[Web page caption snippets]

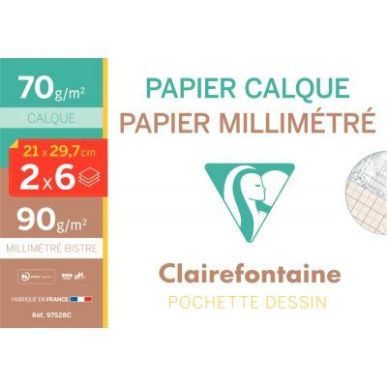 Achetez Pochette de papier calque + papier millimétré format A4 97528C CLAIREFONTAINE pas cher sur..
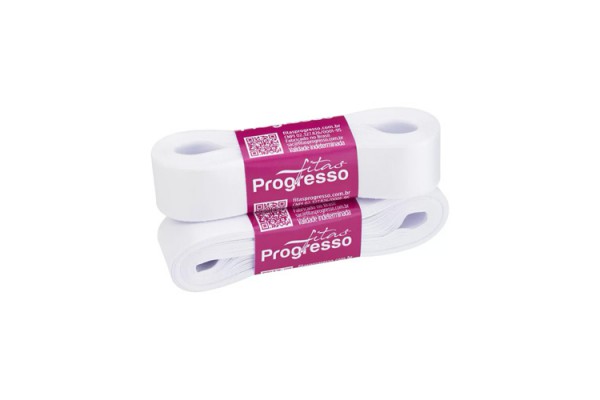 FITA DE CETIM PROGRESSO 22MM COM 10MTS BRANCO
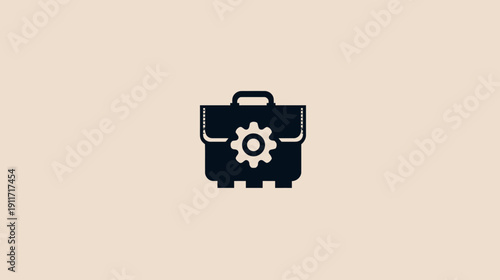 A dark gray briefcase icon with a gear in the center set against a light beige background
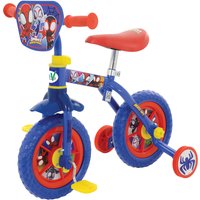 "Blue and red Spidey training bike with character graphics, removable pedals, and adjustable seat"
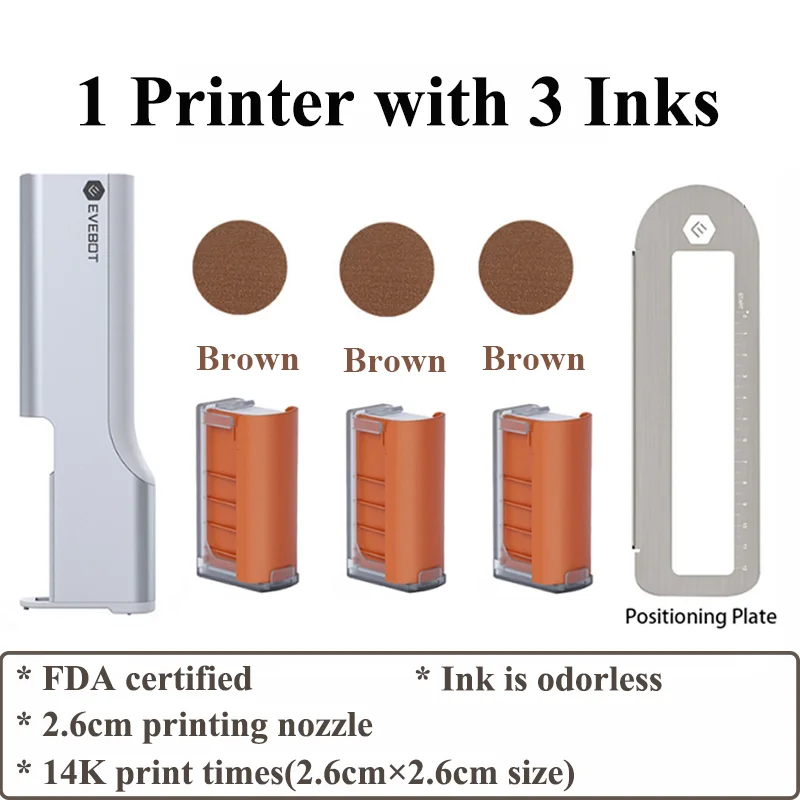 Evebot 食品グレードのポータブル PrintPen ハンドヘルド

* Problem description *
Repeat the records in full, exactly as they appear, without the pictures.

* Solution for this task *
 Achetez Pochette de papier calque + papier millimétré format A4 97528C CLAIREFONTAINE pas cher sur..
 FITA DE CETIM PROGRESSO 22MM COM 10MTS BRANCO
 A dark gray briefcase icon with a gear in the center set against a light beige background
 "Blue and red Spidey training bike with character graphics, removable pedals, and adjustable seat"
 Evebot 食品グレードのポータブル PrintPen ハンドヘルド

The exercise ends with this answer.